[Yaml-core] Canonical YAML?

SourceForge Headquarters 225 Broadway Suite 1600 San Diego, CA 92101 +1 (858) 454-5900

Hi

I'm thinking of writing a YAML parser (or two) and I'm interested in
defining a restricted, canonical subset of YAML with which to write the
output side of test cases with - so that the validation aspect of spec
compliance (as opposed to the "correct native representation" aspect) can
be tested with a bank of language-independent testcases.

Obviously, such a Canonical YAML spec could not be expected to
canonicalise datatypes it knows nothing about. The introduction to the
Canonical XML spec[1], however, draws a misleading conclusion from the
same problem in XML-land, IMO - it says (sec. 1.3):

 "Although two XML documents are equivalent (aside from limitations given
in this section) if their canonical forms are identical, it is not a goal
of this work to establish a method such that two XML documents are
equivalent if and only if their canonical forms are identical."

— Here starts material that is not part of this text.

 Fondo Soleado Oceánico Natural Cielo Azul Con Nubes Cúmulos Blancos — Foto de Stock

But the analagous goal for YAML should be achievable, I think, if we use a
weak notion of equivalency such that nodes with tags not defined in the
spec are compared as if they were strings.

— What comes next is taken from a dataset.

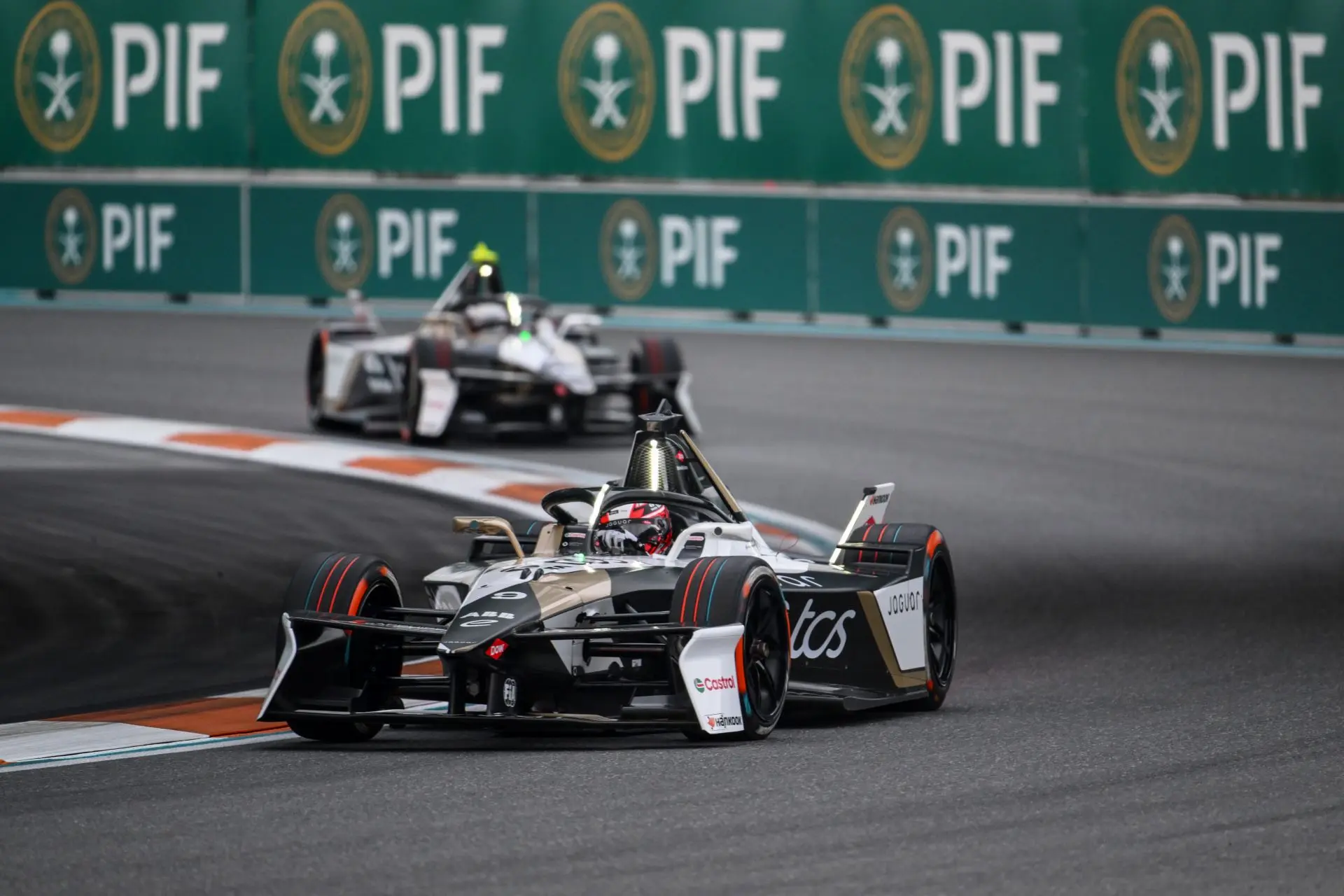 Mitch Evans Secures Record-Breaking Victory for Jaguar TCS Racing in Miami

So, logically, my criteria for Canonical YAML would be:

1. Every legal Canonical YAML stream is a legal YAML stream.

2. The spec should in effect define an idempotent function f from YAML to
Canonical YAML

3. f(x)=f(y) iff x and y are weakly equivalent streams, as defined above.

As a bonus, Canonical YAML might also be useful to create
ultra-lightweight parsers, for example for embedded systems.

Any objections to this idea? If not, how should we proceed? I'll just
whip up a draft spec, or what?

-- 
Robin

[1] http://www.w3.org/TR/2001/REC-xml-c14n-20010315

P.S. What's up with the yaml.org nameserver?